◆ Requirement ◆
Leave out each picture. Repeat everything else in the records exactly.

◆ Source data ◆

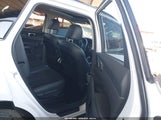 Kia Sorento S 5XYRL4LCXPG167353 снимка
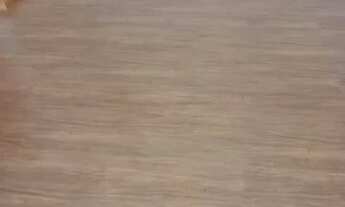 Imagem 5: Apartamento para locaçao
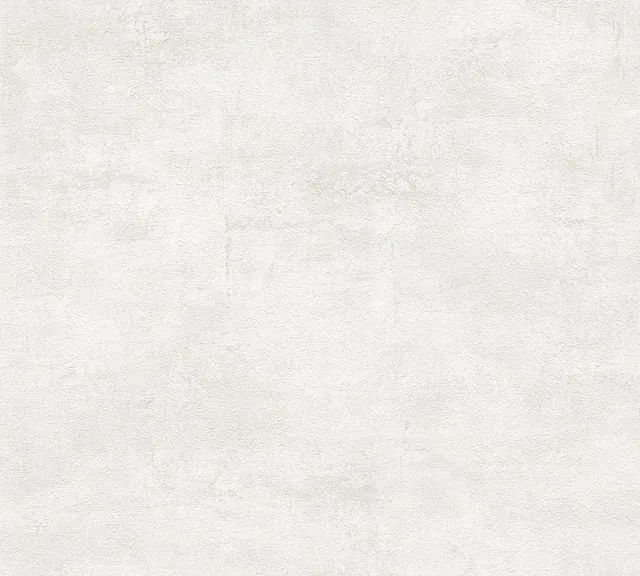 791393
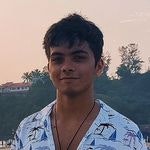 Kabeer Ahmed Merchant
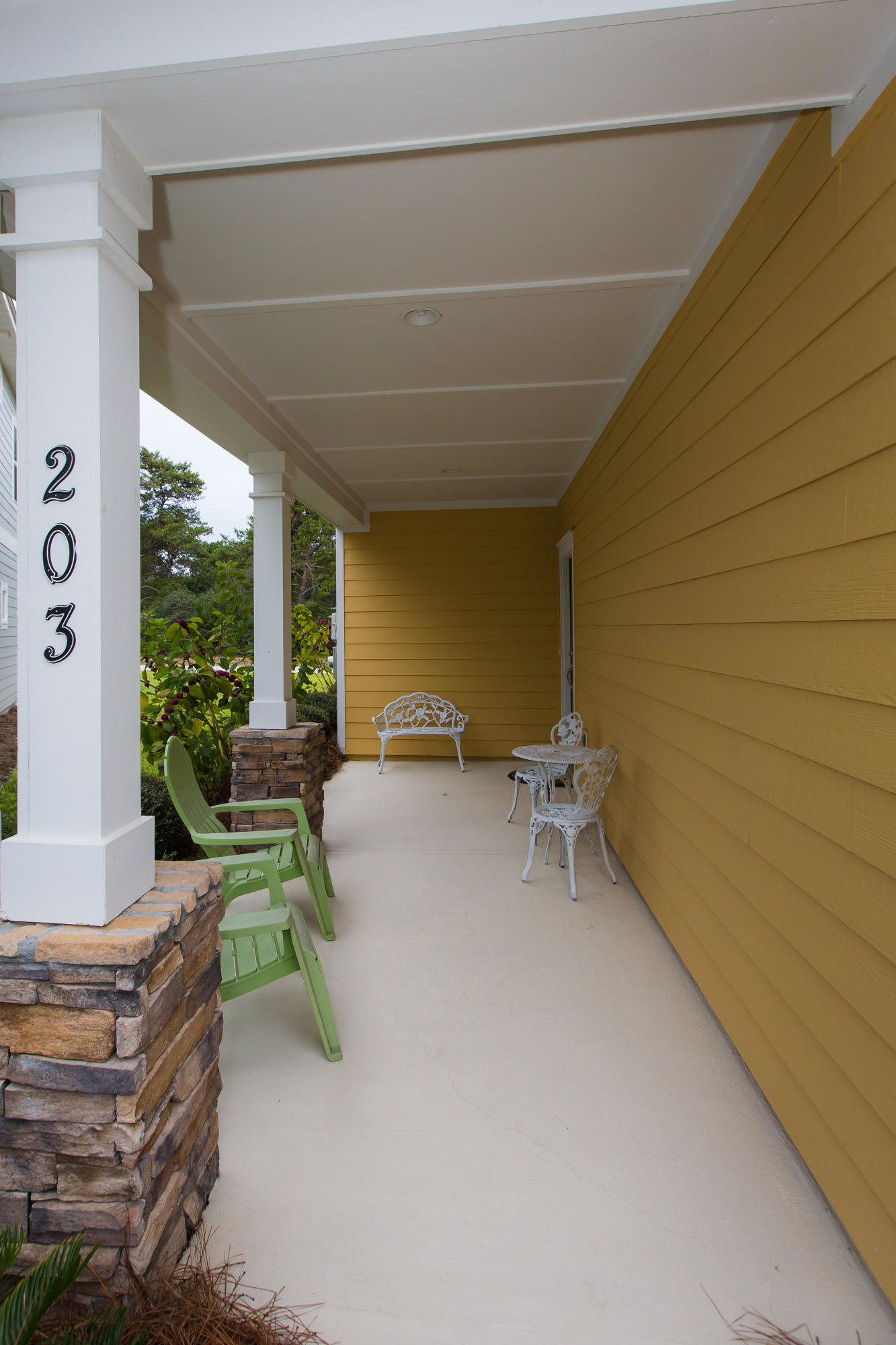 Turtle Cove at Lake Powell - Residential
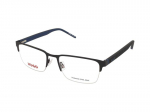 Akiniai Hugo Boss HG 1397 003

◆ Solved problem ◆
 Kia Sorento S 5XYRL4LCXPG167353 снимка
 Imagem 5: Apartamento para locaçao
 791393
 Kabeer Ahmed Merchant
 Turtle Cove at Lake Powell - Residential
 Akiniai Hugo Boss HG 1397 003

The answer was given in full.